Annual Secretarial Compliance Report
The Annual Secretarial Compliance Report is a certification mandated by SEBI through a circular, requiring listed entities to obtain a report from a practising Company Secretary confirming compliance with all applicable SEBI regulations, circulars, and guidelines during the financial year, and to submit it to stock exchanges within 60 days of the financial year-end.
The Annual Secretarial Compliance Report (ASCR) was introduced by SEBI vide a circular dated 8 February 2019, effective from the financial year ending 31 March 2019. It is distinct from the Secretarial Audit Report required under Section 204 of the Companies Act, 2013 — while the latter covers compliance with Companies Act provisions, the ASCR focuses exclusively on SEBI regulations.
The ASCR must be prepared and certified by a practising Company Secretary (PCS) who is not associated with the company as an employee or director. The PCS examines the listed entity's compliance across a comprehensive checklist covering SEBI Act, SEBI LODR Regulations, SEBI PIT Regulations, SEBI (Substantial Acquisition of Shares and Takeovers) Regulations (Takeover Code), SEBI (Issue of Capital and Disclosure Requirements) Regulations (ICDR), SEBI (Buy-Back of Securities) Regulations, SEBI (Delisting) Regulations, and various other applicable circulars and guidelines.
The report format requires the PCS to confirm compliance or, in case of non-compliance, specifically identify the regulation violated, the details of the violation, and the steps taken by the company to rectify it. This makes the ASCR a risk-flagging document — a clean ASCR signals strong regulatory hygiene, while one with qualifications alerts the exchange, SEBI, and investors to potential compliance lapses.
The submission deadline is 60 days from the end of the financial year, meaning by 31 May for March year-end companies. The report must be filed through the exchange's online compliance filing system and is publicly available in the company's exchange filings. Non-submission or delayed submission can attract SEBI action under LODR.

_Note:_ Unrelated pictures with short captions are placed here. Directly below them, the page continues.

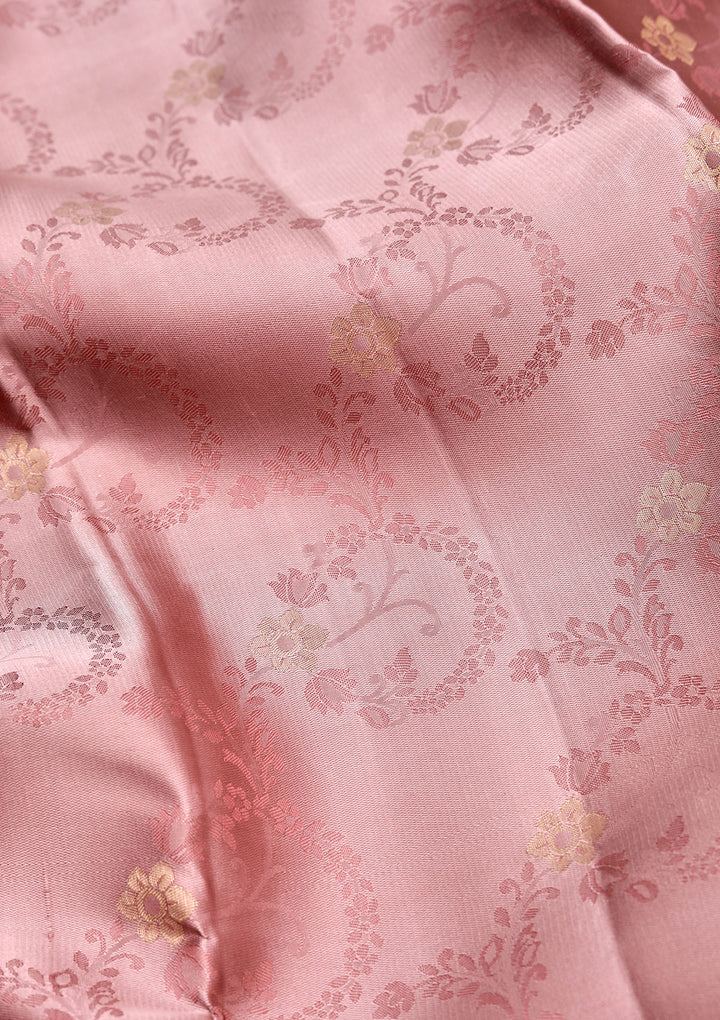 Mauve Pure Silk Jaal Zariwork Saree With Matching Blouse Piece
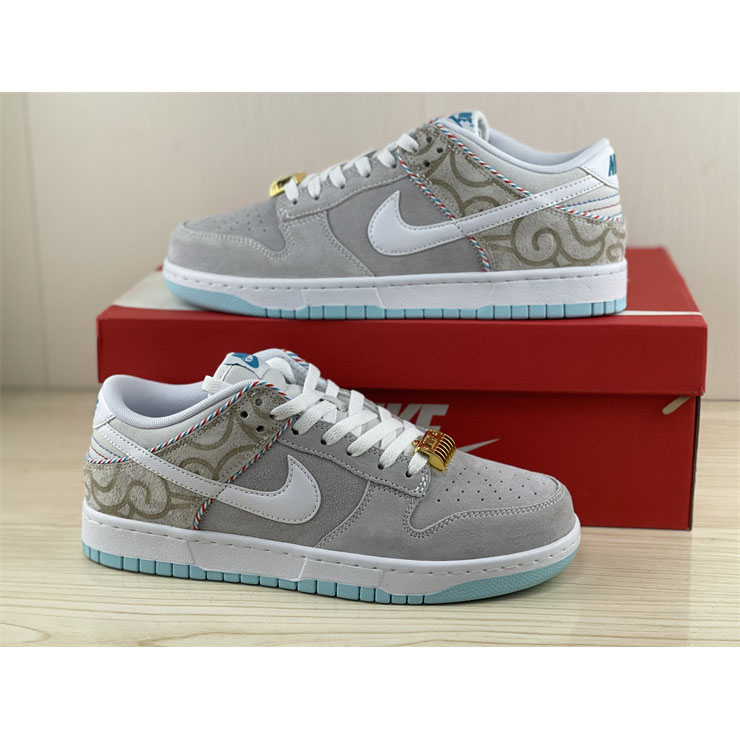 Nike Dunk Low “White Barber Shop” Sneaker  DH7614-500 - FashionPlug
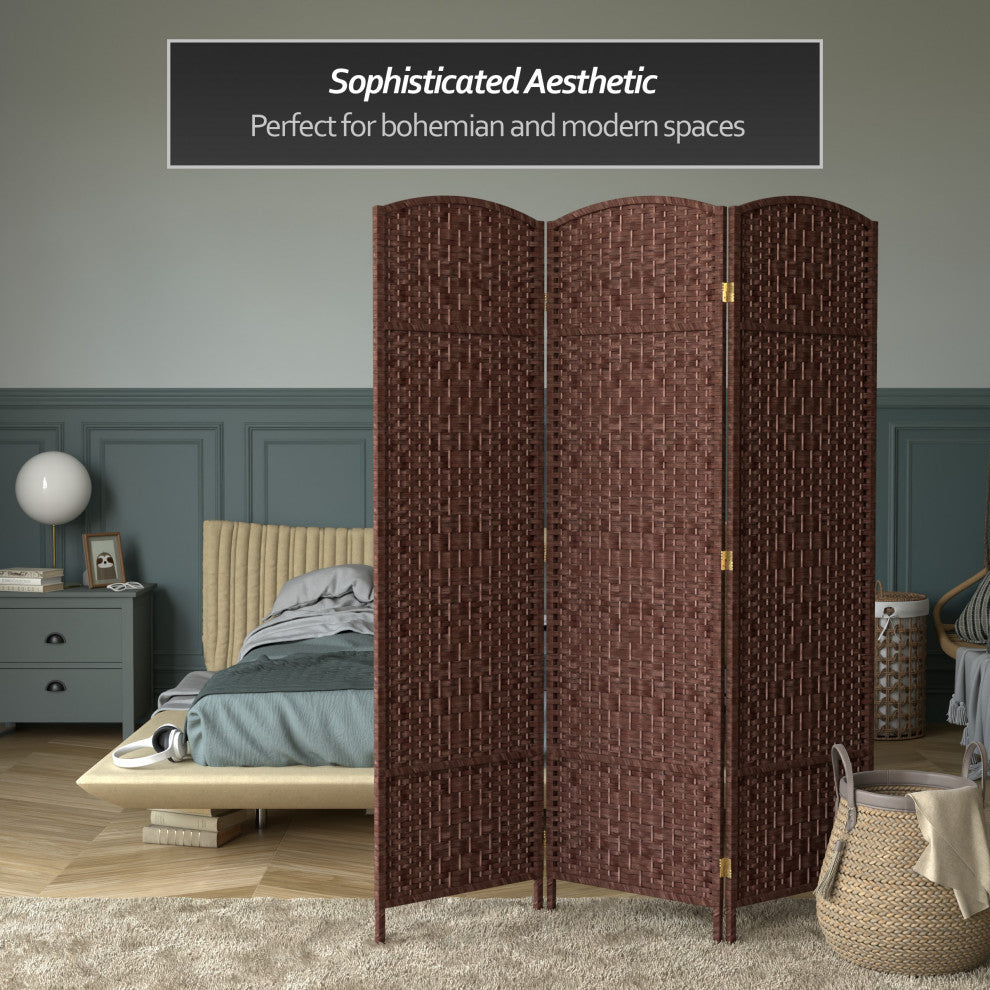 6' Tall Diamond Weave Fiber Room Divider, Dark Red, 3 Panel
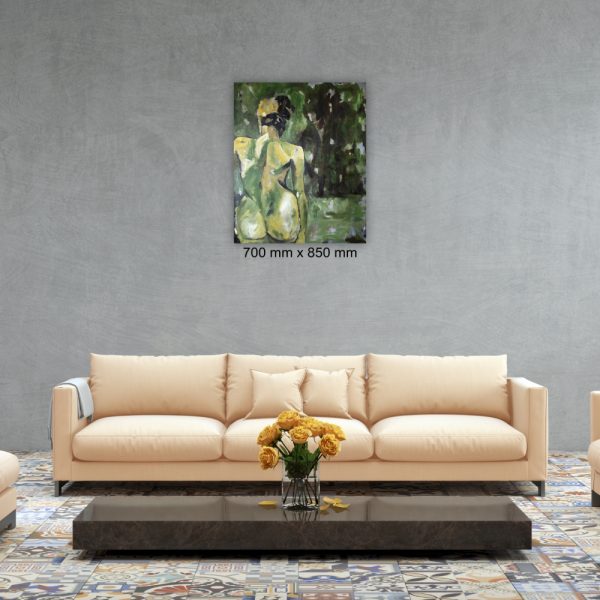 Julie Tugwell Art <br> Green Girl <br> Oil on Stretched Canvas <br> 700 mm x 850 mm - Image 2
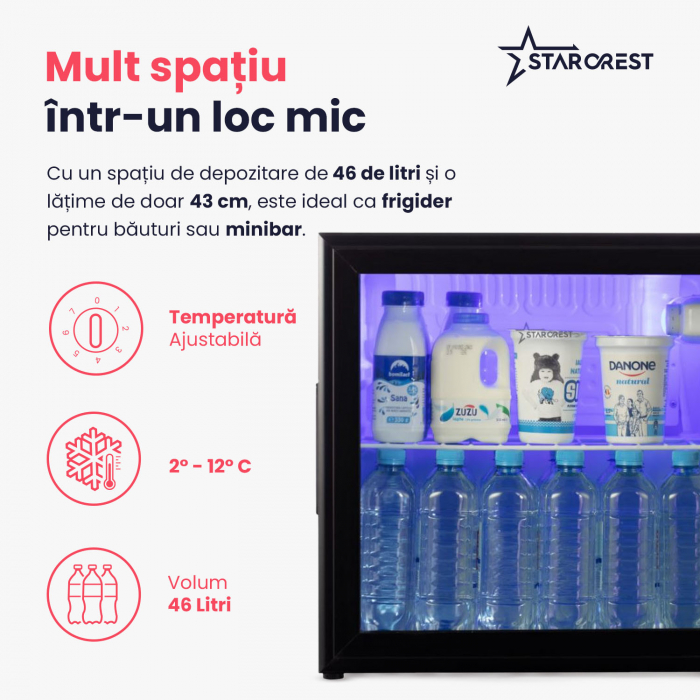 Vitrina frigorifica STARCREST SBC-50BKE, 46 L, Control temperatura, Usa sticla, H 48.8 cm, Negru [4]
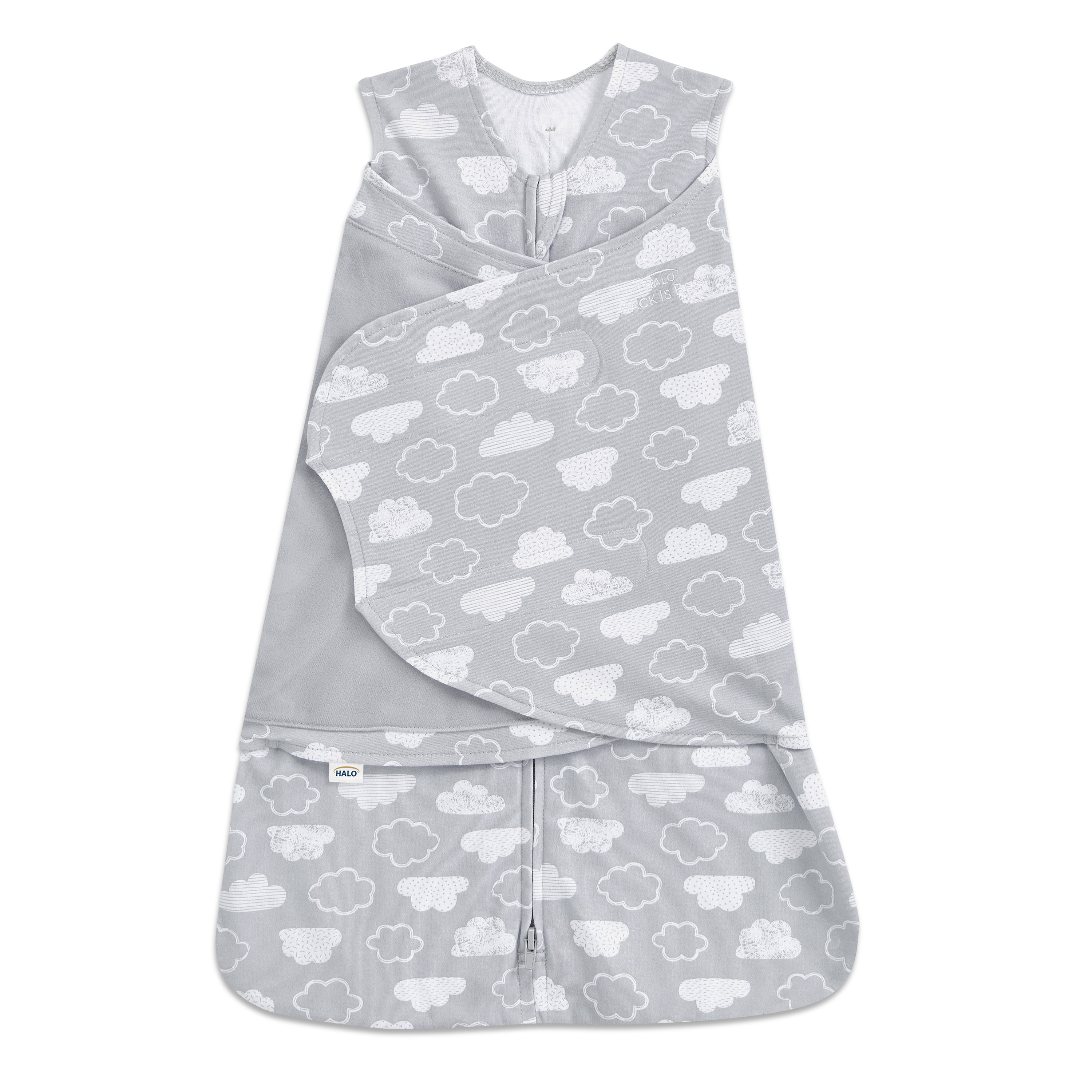 Halo Sleepsack Baby Swaddle 100% Cotton Muslin-Newborn 0-3 Months-Grey Circles Print 
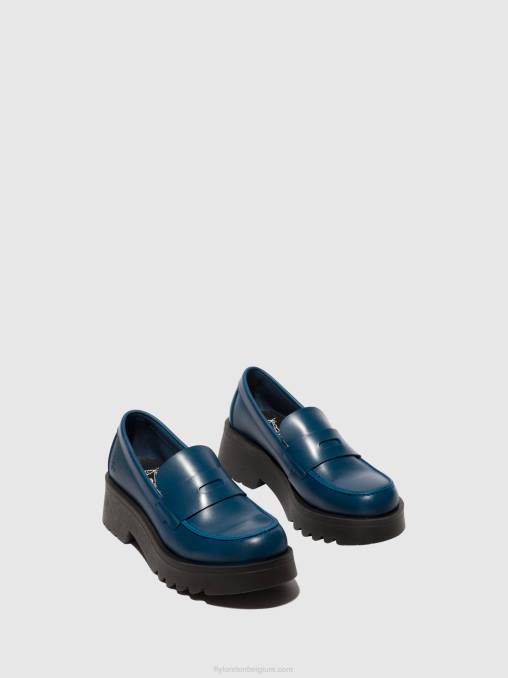 blauw Fly London vrouwen instappers schoenen moat948 V2B0652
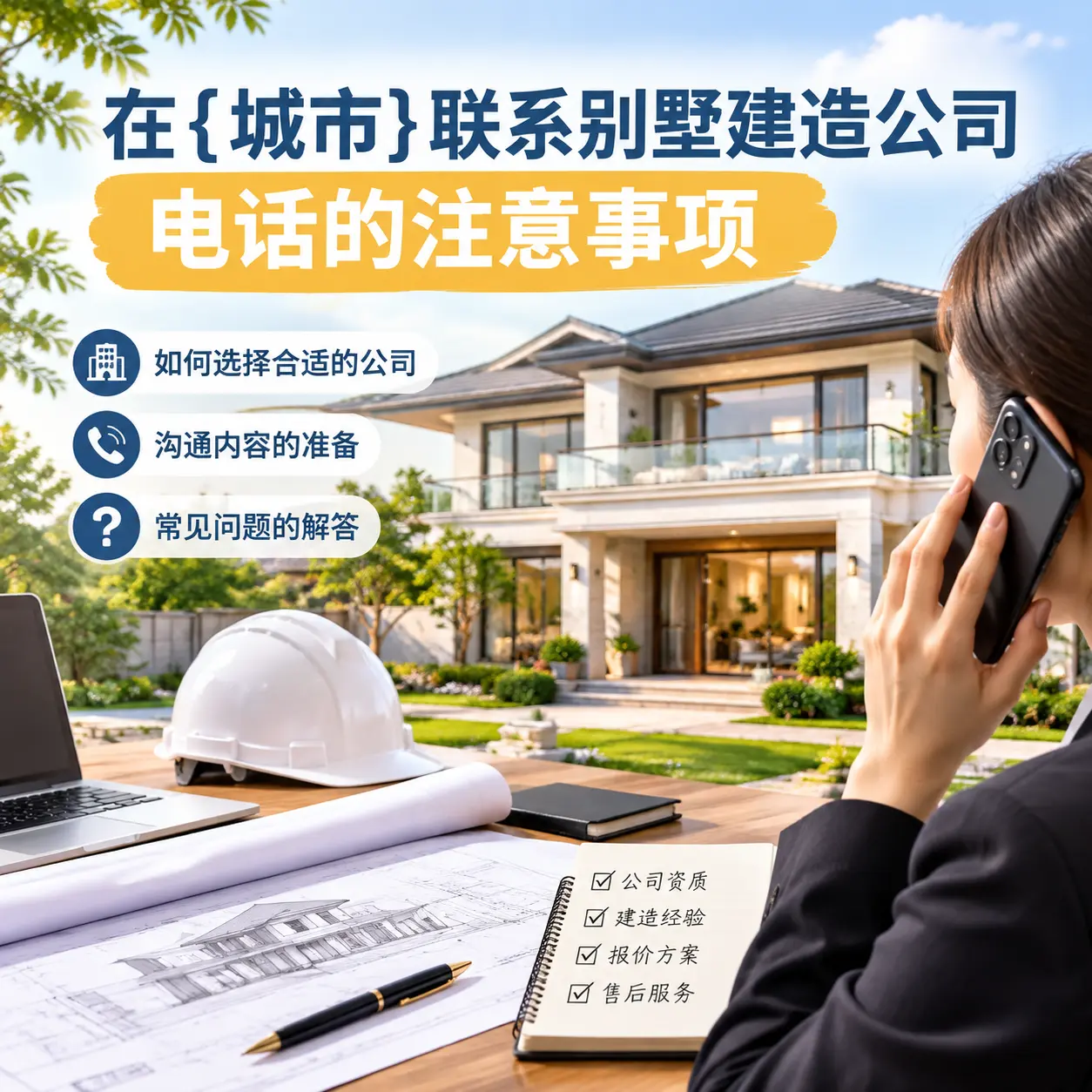 在关岭联系别墅建造公司电话的注意事项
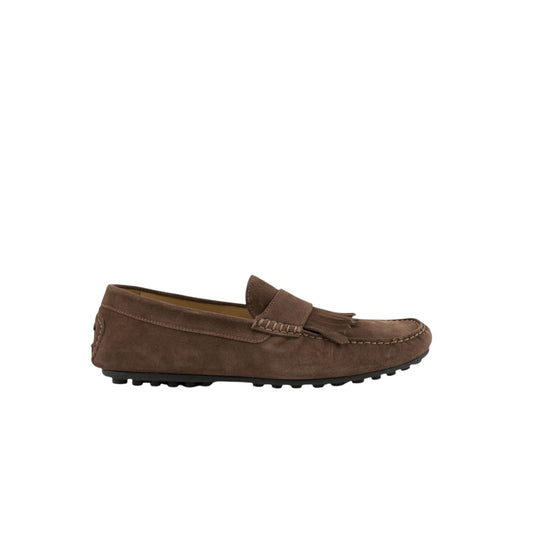 1200$ TESTONI "Piuma" Driver Loafer Shoes Suede Calf Navy 8 UK 9 US / 42 IT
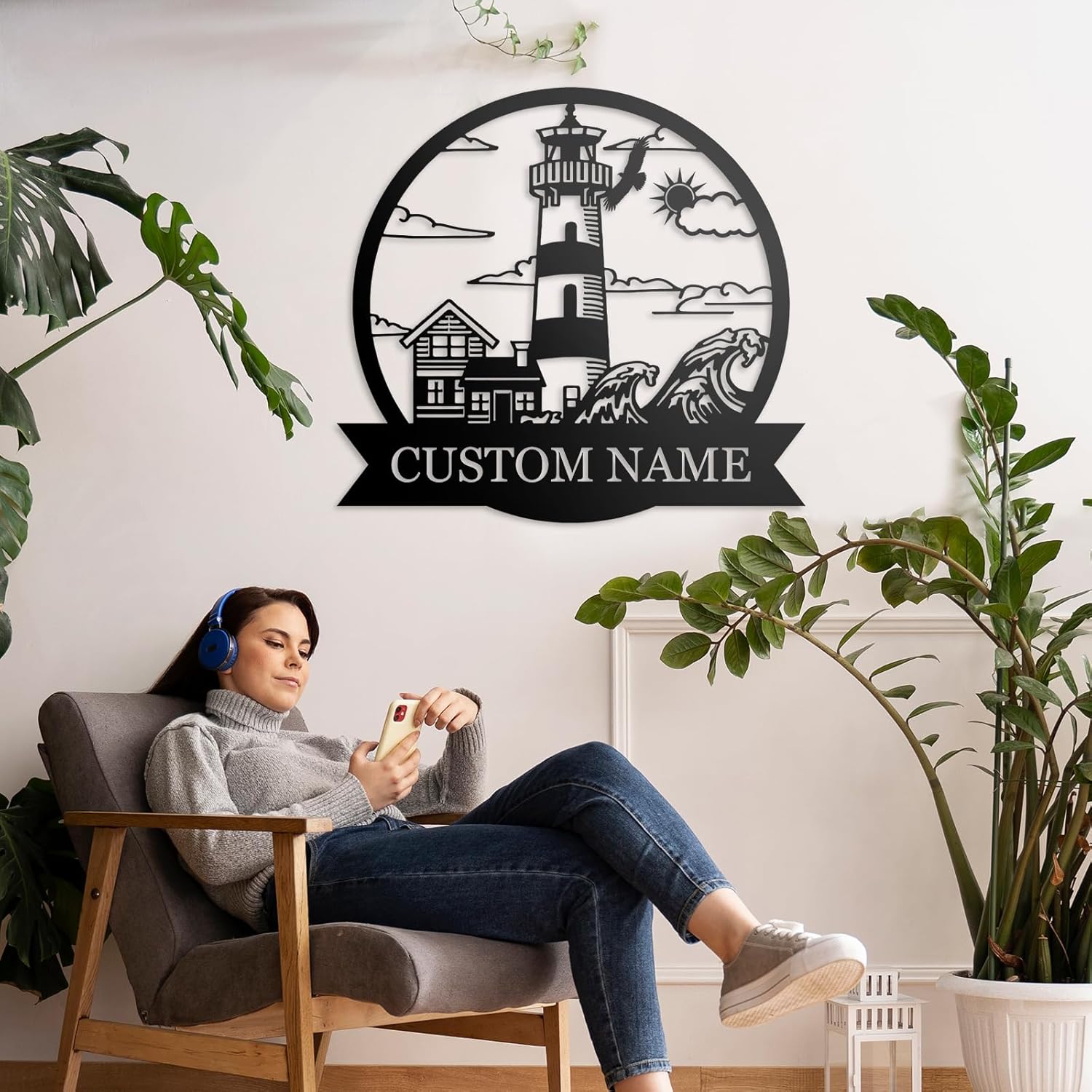 Personalized Lighthouse Metal Sign – Custom Nautical Outdoor Wall Decor for Beach House & Cabin-MetalsignX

The ASCR has effectively elevated the secretarial audit function from a routine statutory exercise to a forward-looking compliance monitoring tool. Investment analysts and governance researchers use it alongside the Corporate Governance Report to evaluate the quality of a listed company's compliance infrastructure. Deviations noted in ASCRs are tracked year-over-year to assess whether management is serious about regulatory adherence.